Your assignment
Exact copy, no pictures: return only the lines below from the line with "Banheiro da Suíte" up to and including the line with "Usata Fiat 600".

Records for this task
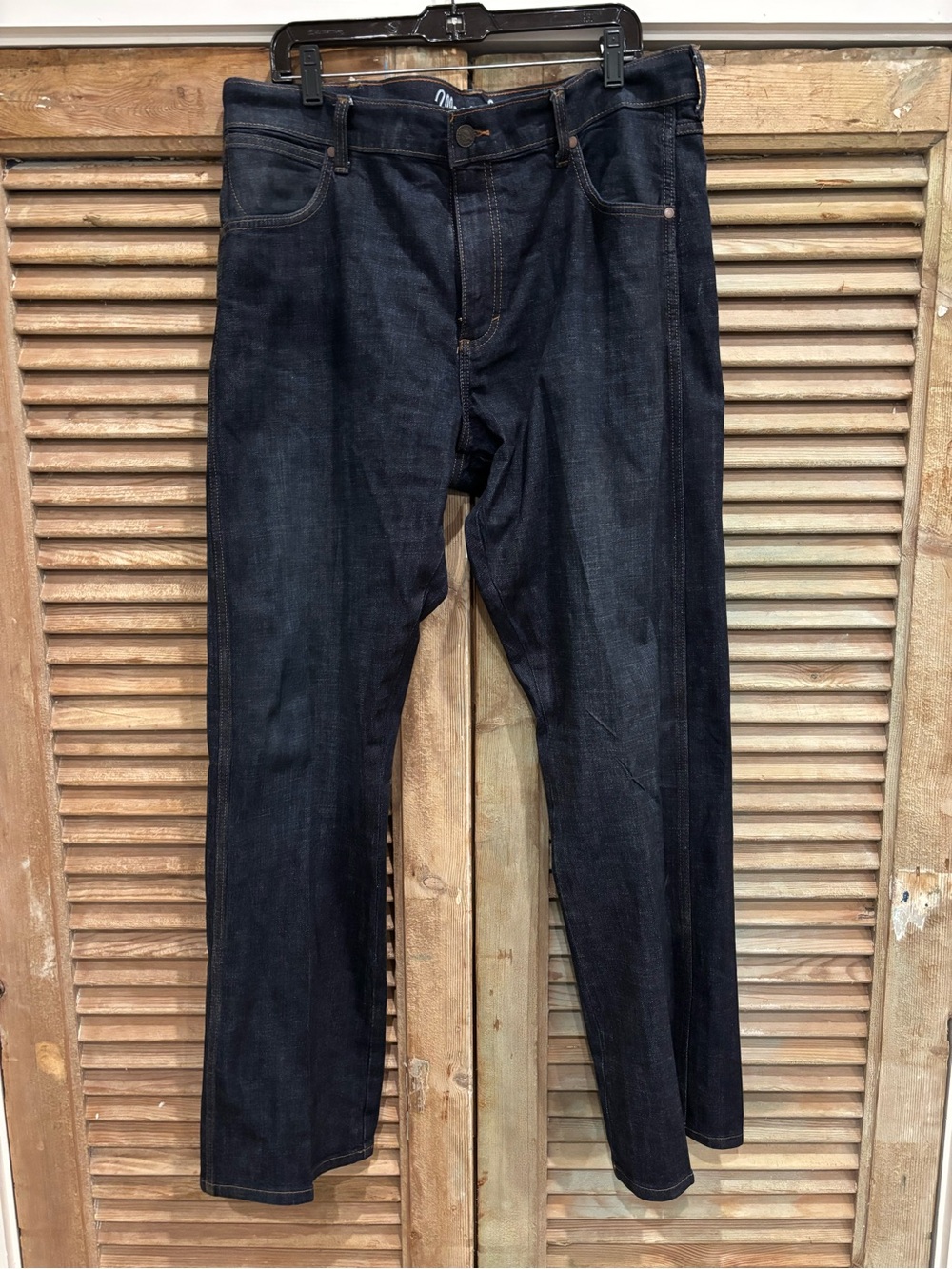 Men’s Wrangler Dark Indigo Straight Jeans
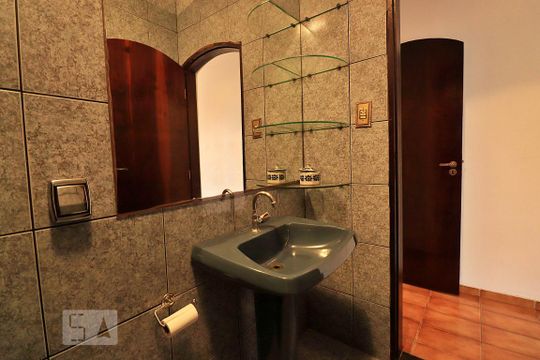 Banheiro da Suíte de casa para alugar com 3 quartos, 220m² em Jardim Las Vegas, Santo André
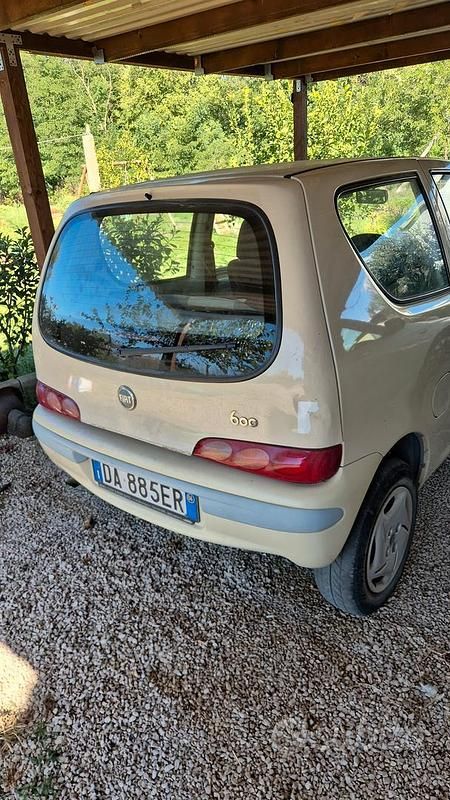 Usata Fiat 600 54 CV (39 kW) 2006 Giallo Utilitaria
...
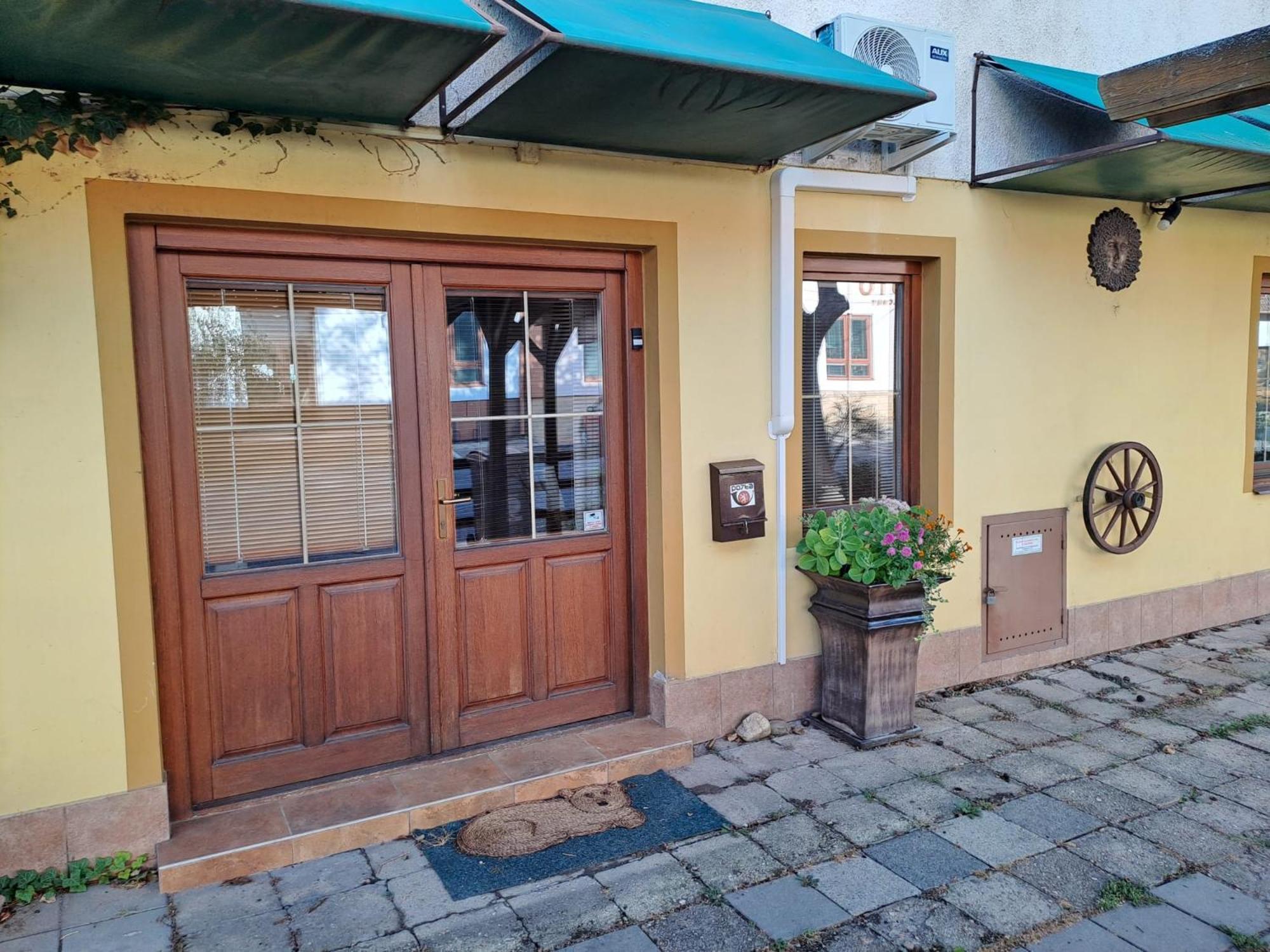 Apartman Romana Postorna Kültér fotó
---
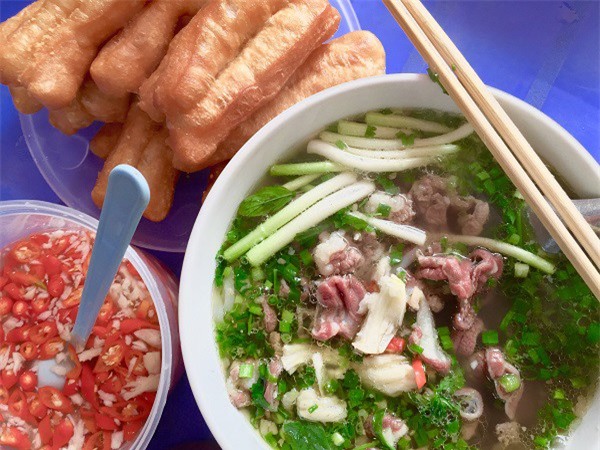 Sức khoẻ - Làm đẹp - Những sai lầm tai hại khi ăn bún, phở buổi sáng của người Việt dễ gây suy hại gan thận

Result
 Banheiro da Suíte de casa para alugar com 3 quartos, 220m² em Jardim Las Vegas, Santo André
 Usata Fiat 600 54 CV (39 kW) 2006 Giallo Utilitaria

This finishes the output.